Auditory processing disorder is another condition worth knowing about. People with this condition have completely normal hearing, but their brains have difficulty interpreting spoken language, especially when it’s complex or delivered in noisy environments. Common experiences include trouble following phone conversations, difficulty with multi-step verbal directions, and frequently needing people to repeat themselves. Adults with auditory processing disorder often struggle most at work, where fast-paced verbal communication is the norm.

Executive Dysfunction Beyond ADHD

Executive function is an umbrella term for the brain’s management system. It covers working memory, cognitive flexibility (how easily you shift between ideas), and inhibition control (how well you steer your thoughts and stay on task). These three abilities form the foundation of understanding anything, because comprehension requires you to hold information, connect it to what you already know, and filter out distractions.

Executive dysfunction can occur with ADHD, but it also shows up with depression, traumatic brain injury, autism, chronic stress, and aging. Cleveland Clinic identifies the core signs as difficulty planning, trouble shifting between tasks, problems with reasoning through multi-step processes, and an inability to hold information in mind long enough to use it. If you find that you can understand individual pieces of information but struggle to assemble them into a coherent whole, or if you lose track of where you are in a conversation or set of instructions, executive dysfunction is likely involved.

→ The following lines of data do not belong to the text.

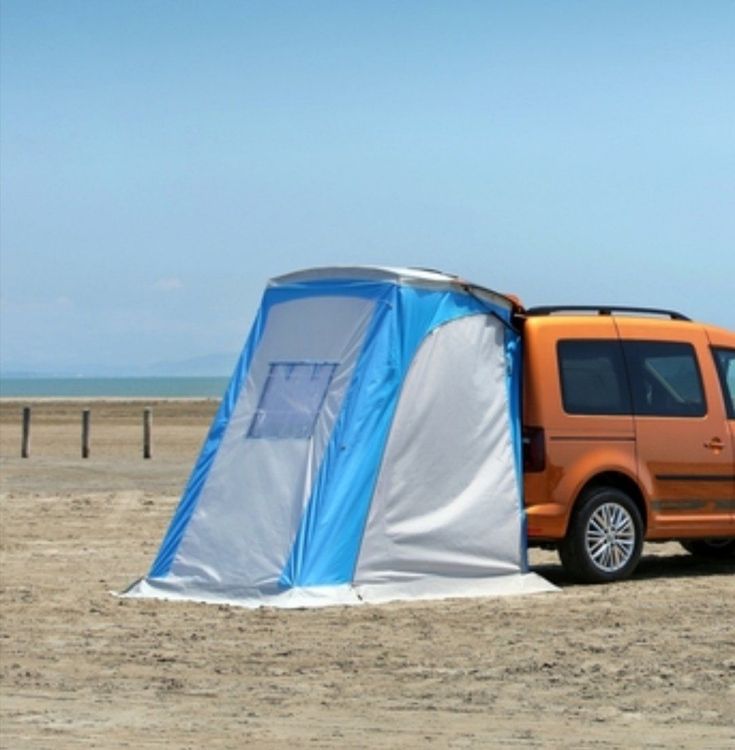 Heckzelt VW Caddy Camping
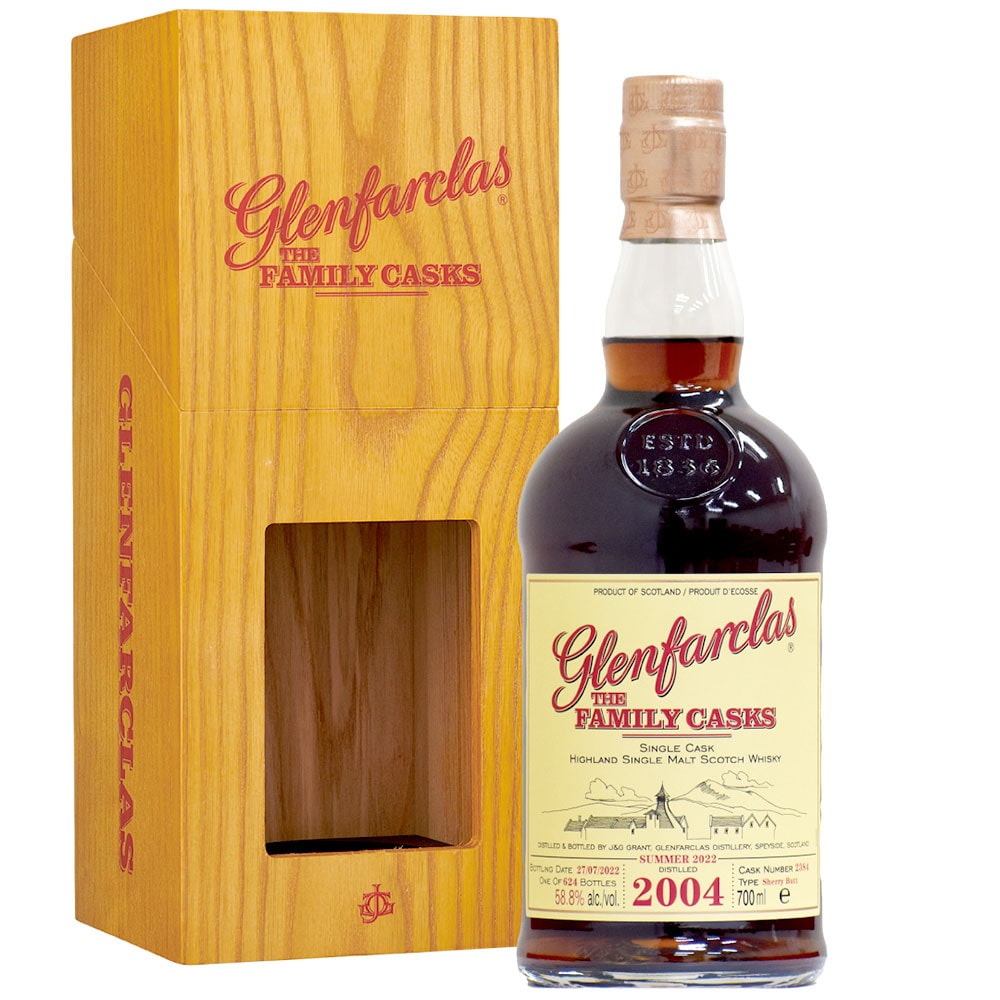 グレンファークラス ファミリーカスク2004 700ml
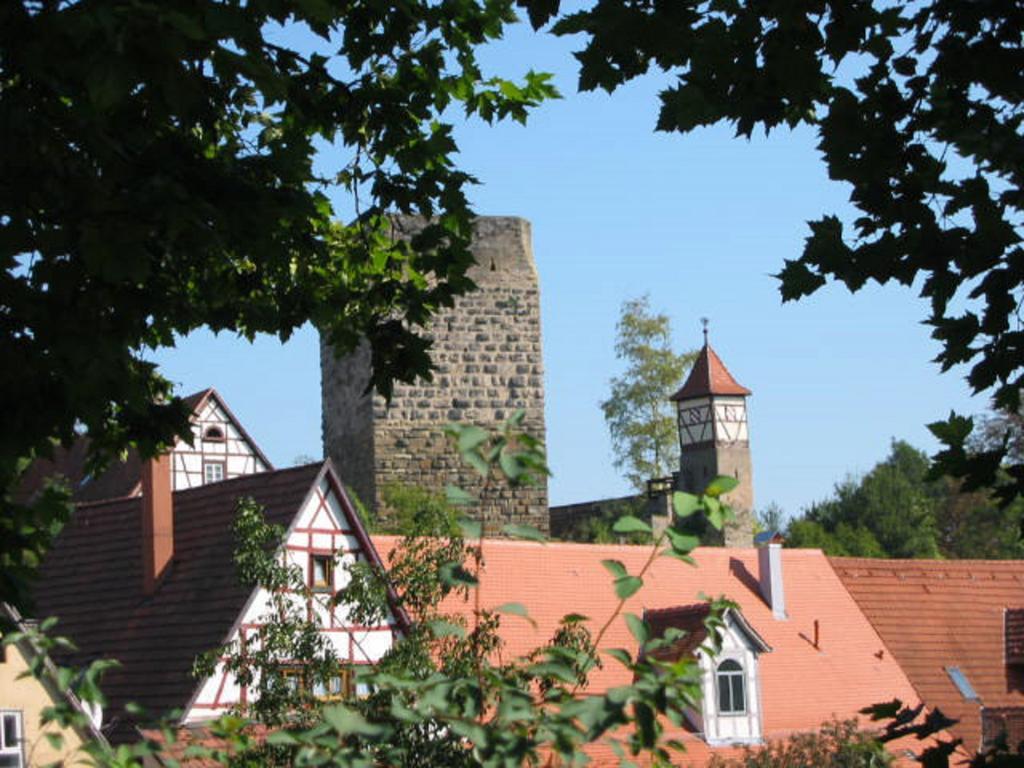 Gästehaus Fernblick Bad Wimpfen Exterior foto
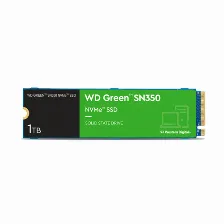 Ssd Western Digital Green Sn350 1tb, M.2, Nvme, Pci Express 3.0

When It’s Worth Getting Evaluated

Occasional difficulty understanding things is normal and usually tied to stress, fatigue, or distraction. The point at which it becomes worth investigating is when the pattern is persistent and affects your daily life: your work performance, your relationships, your ability to manage routine tasks. If you notice a significant decline from how you used to function, or if these difficulties have been present for as long as you can remember but you’ve always just assumed you weren’t smart enough, both of those are reasons to seek an evaluation.

A neuropsychological assessment can measure your working memory, processing speed, attention, and executive function against population norms. This isn’t a pass-fail intelligence test. It’s a detailed map of how your brain handles different types of information, and it can identify specific bottlenecks that explain your experience. Blood work can rule out B12 deficiency, thyroid problems, and other metabolic causes. If your difficulties started suddenly or have worsened noticeably over months, that pattern is especially important to bring to a clinician’s attention, as it can point toward treatable medical conditions rather than longstanding cognitive traits.

The most important thing to understand is that struggling with comprehension is almost always about how your brain processes information, not about how much you’re capable of understanding. The right support, whether that’s treating an underlying condition, learning strategies that work with your processing style, or simply getting more sleep, can make a meaningful difference.